The $13,000 Threshold Matters
For copper, the $13,000 level isn't just a round number—it's economically significant.
SP Angel analyst John Meyer notes that $13,000 per ton is the breakeven price required to justify investment in the next generation of new copper mines. Below that level, many projects struggle to attract financing. Above it, mothballed projects become viable and exploration activity accelerates.
In other words, the market may be signaling that current prices are necessary—even essential—to incentivize the supply growth the world will need in the decades ahead.
The Bull and Bear Cases
Not everyone is convinced the rally has legs. Analysts at Macquarie have pointed to substantial "hidden inventories" of copper stockpiled outside exchange warehouses—potentially more than 360,000 tons in the United States alone. If these reserves come to market, they could cap price gains.
Macquarie's research suggests the global copper market may have actually been in surplus last year, with hidden stockpiles masking the true supply-demand balance.

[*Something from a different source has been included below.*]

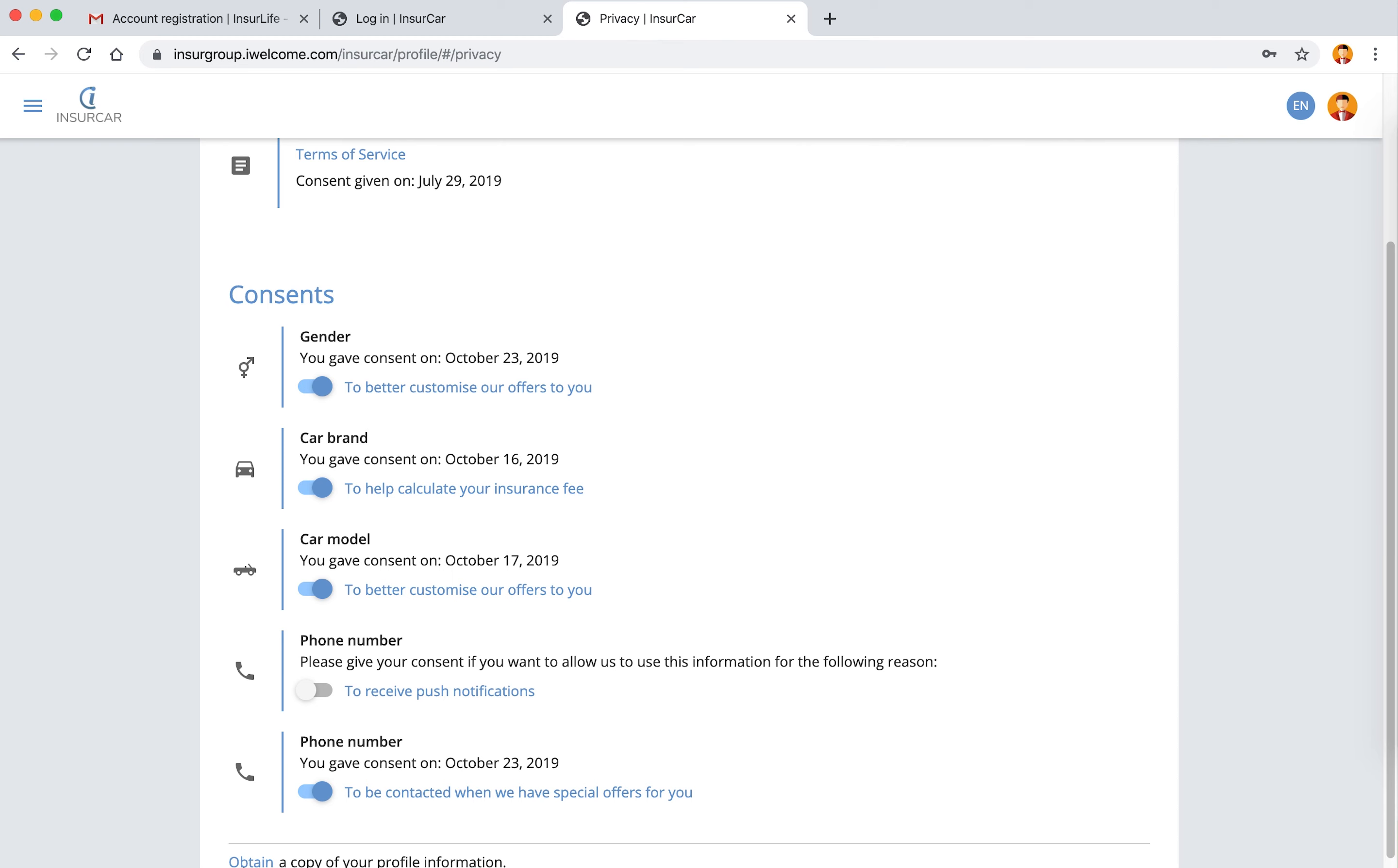And of course we also allow him to have a clear view around the entire amount of information we retain about it.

Goldman Sachs, meanwhile, forecasts that copper prices will "decline somewhat from record highs" as 2026 progresses. The bank expects supply growth to eventually catch up with demand, easing the tightness that has fueled the current rally.
But bulls counter that the long-term fundamentals remain overwhelmingly positive:
- The energy transition requires massive amounts of copper—an electric vehicle uses four times as much copper as a conventional car.
- AI data centers consume significant copper for power infrastructure and cooling systems.
- New mine projects take 10-15 years from discovery to production, meaning supply cannot respond quickly to price signals.
What It Means for Investors
Copper's surge has been a boon for mining stocks. Shares of Freeport-McMoRan, the world's largest publicly traded copper producer, have climbed 35% over the past three months. Southern Copper, BHP, and Rio Tinto have all posted substantial gains as well.
For broader markets, copper's rally is often interpreted as a bullish signal for global growth. The metal is so widely used in construction, manufacturing, and infrastructure that it has earned the nickname "Dr. Copper"—a tongue-in-cheek reference to its supposed ability to diagnose the health of the world economy.
If copper is right, the global economy may be stronger than many forecasters assume, despite ongoing concerns about inflation, trade wars, and geopolitical instability.
The Bottom Line
Copper's breakthrough above $13,000 is more than a market milestone—it's a message. The world's insatiable appetite for electrification, combined with years of underinvestment in mining, has created a supply crunch that could persist for years.
Whether prices stay at these elevated levels or retreat as Goldman predicts, one thing is clear: the age of cheap copper is over. And that reality will reshape everything from electric vehicle pricing to housing construction costs to the investment calculus for the green energy transition.